Dear Friends,
I have been back in Bangladesh for about six weeks, a
dentist appointment in Dhaka is a mundane reason for leaving LAMB for a weekend
and in many ways it feels like I am going where I haven’t gone before.
Since coming back after over two months in Denmark on the
auspicious occasion of my parents’ fiftieth and my father’s eightieth – we like
grand words like auspicious in Bangladesh even if they are not much in vogue
elsewhere, least of all in Denmark where we speak Danish.

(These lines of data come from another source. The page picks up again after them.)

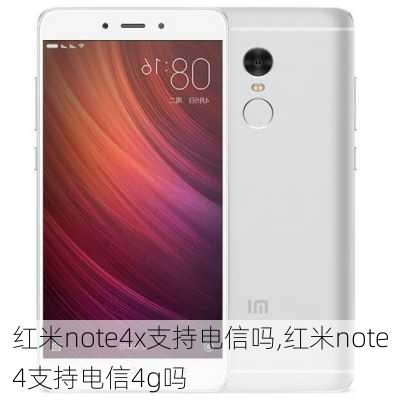 红米note4x支持电信吗,红米note4支持电信4g吗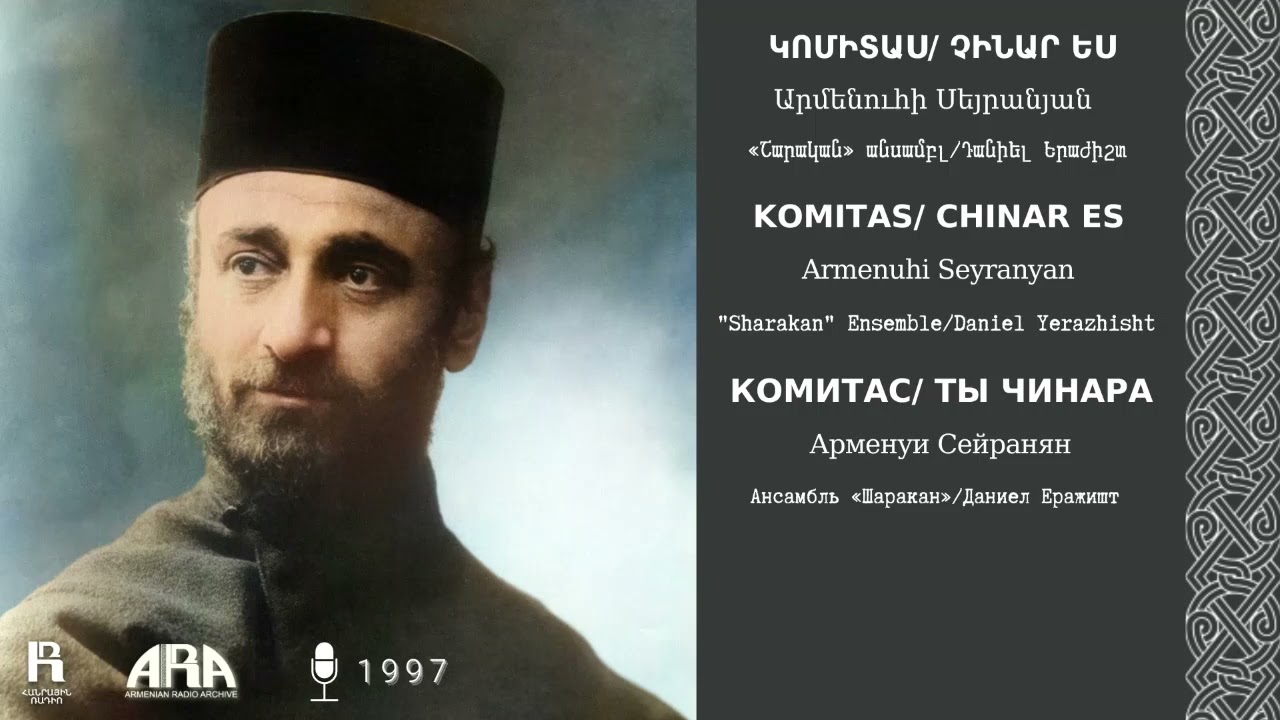 Արմենուհի Սեյրանյան /Չինար ես/ Armenuhi Seyranyan /Chinar es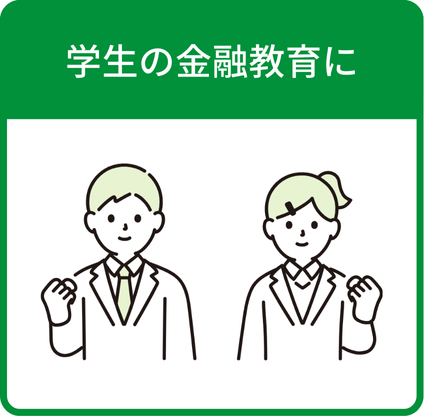 学生の金融教育に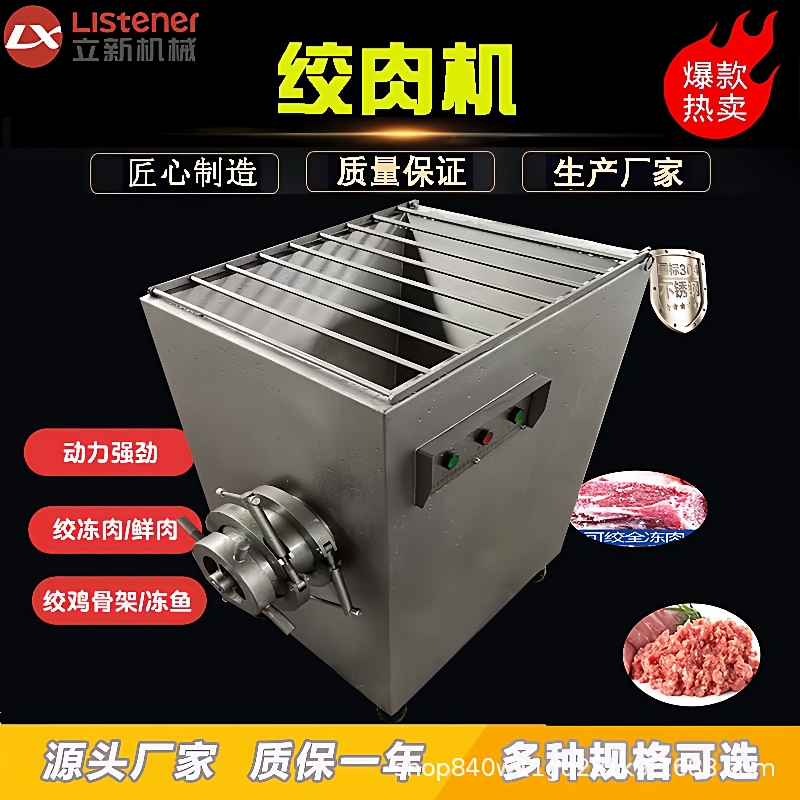宠物食品绞碎肉机商用冻肉鲜肉绞馅机火腿肠肉泥大型绞肉机型号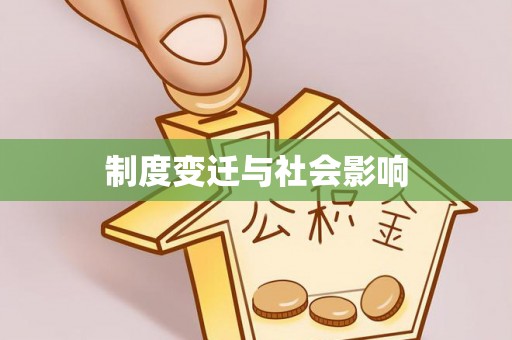 乌海制度变迁与社会影响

Shortly after returning to Bangladesh it lost its innocence
again. First there was a case involving some of the people I love at LAMB, and
then there were direct hits followed up by threats against foreigners.
We, or at least I, had lived in a pretend world of the
privileged who are not going to experience sin and oppression. The events of
the last six weeks feels like several consecutive deaths and if I am
melodramatic, it is because to top it up, a good friend got mad at me, another
tried to end her misery and we just fall way short of what is right.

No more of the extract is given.